BARCELONA, Spain, December 12, 2019 (LifeSiteNews) – German Cardinal Walter Kasper, who successfully championed Holy Communion for divorced and “remarried” Catholics, said that Pope Francis feels called by the Holy Spirit to “change” the Church, which will one day include, Kasper said, “opening the door to women” at the altar.
The German cardinal told a Spanish journalist in a report published Dec. 6 during a conference in Barcelona that while priestly celibacy may remain the “law,” the Pope has the authority to ordain viri probati [mature, married men] in “extraordinary cases,” as was suggested at the recent Amazonian Synod. Kasper has frequently come to the defense of the pontiff, criticizing fellow prelates such as Cardinal Raymond Burke, who the Pope dismissed from the Roman Curia.
When asked how he would explain why women are not allowed to access the altar, Kasper said, “It is difficult to explain that today, but I believe that it is an ancient tradition that we share with the Eastern churches. But I think that, in time, the doors will be opened. Besides, there are already many ministries of the Church for which ordination is not necessary.”
Kasper went on to say, “But women are not content with that. Clearly, there are some who are raising their voice and have the right to be heard.”

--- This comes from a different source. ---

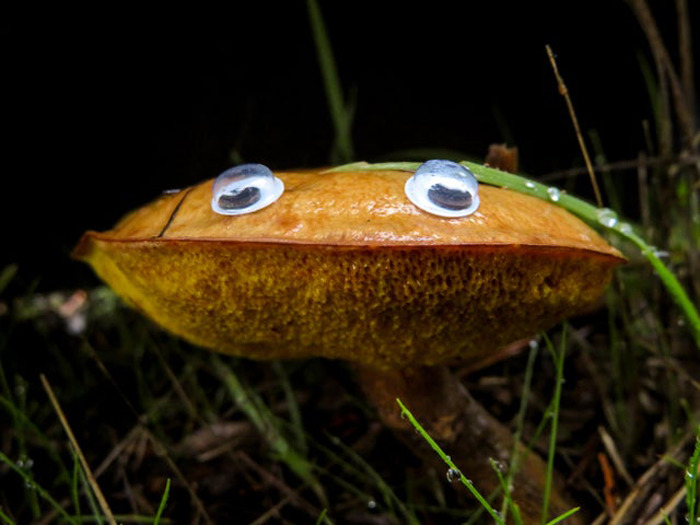 Mushroom in grass with wiggle eyes attached, enhancing random object with eyebombing creativity at night.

The cardinal spoke at a Nov. 12-14 conference in Barcelona titled, “The contributions of Pope Francis to theology and pastoral care.” An ally of the current pontiff, Kasper said: “Those who assail the Pope are few, but with the new digital media, a mouse can become an elephant.” As to the possible effects of dissent on the Pope, Kasper said, “The Pope is quite serene because he has great interior confidence, an interior compass: the strength of the Holy Spirit.”
According to Kasper, “Francis is convinced that the Holy Spirit has called on him to change or, in other words, renew the Church. He is working on that.” As for support for the Pope within the Church, Kasper said, “The holy people, faithful to God, love the Pope very much and will not accept a return to the past.”
When Kasper was asked whether Pope Francis is in need of support, Kasper affirmed that it is so, saying that the pontiff is under “many assaults, even though the majority of Catholics and the hierarchy are very pleased with this Pope and his updating of the teachings of the Second Vatican Council.” Kasper said that the Pope’s critics are few in number but powerful, saying, “with the new digital media, a little mouse can become an elephant.”
Kasper said that he is confident that the Pope’s agenda will move forward, despite some obstacles. He explained that “the people, the holy people faithful to God, like Francis says, love him very much and will not accept any return to the past.” When asked whether Francis is tired by the criticism he faces, Kasper said, “There are some who criticized some things that the Pope says or does, but with no reason whatsoever, because Francis follows the Gospel.”
As for changes in the Curia, Kasper said that even while it is centuries old, Francis has already made numerous changes. The process of change, he said, has not reached its culmination. “The Pope,” he said, “is quite serene, because he has a great interior self-confidence, an interior compass: the strength of the Spirit.” When asked whether Francis believes himself to have a specific mission to accomplish, the cardinal responded: “Yes, he is convinced that the Spirit has called him to change, or in other words, to renew the Church. That is what he is doing.”
When asked whether the recent naming of new cardinals may mean a pope like Pope Paul VI can be expected, who followed the liberalizing John XXIII, Kasper said, “The Spirit will say.” As to whether Francis has chosen cardinals to elect a successor who will continue his process of change, Kasper answered, “It is evident that the College of Cardinals has changed a great deal. There are many cardinals from the global South and many cardinals who are not known. But conclaves cannot be directed.”
Kasper said that he did not participate in the recently-concluded Amazonian Synod, of which its final document recommended that a new Amazonian rite be created in the Catholic Church, and advocated for the ordination of married men in some cases. Kasper predicted that Pope Francis will soon issue an exhortation to the Church that will go beyond the recommendations issued by the Amazonian Synod.
Kasper was behind the proposal at the 2015 Synod on the Family that divorced Catholics, who have “remarried” and are living in adultery, should be allowed to receive the Eucharist. Pope Francis’ 2016 post-synod Exhortation Amoris Laetitia ultimately sided with Kasper, using a footnote to open the door to Catholics living in second unions to receive Holy Communion. This position is at odds with Catholic doctrine affirmed by popes St. John Paul II and Benedict XVI.
Kasper has also been criticized for seeing “elements of good” in same-sex relationships and for claiming that the Church cannot adequately explain her teachings with regard to homosexuality.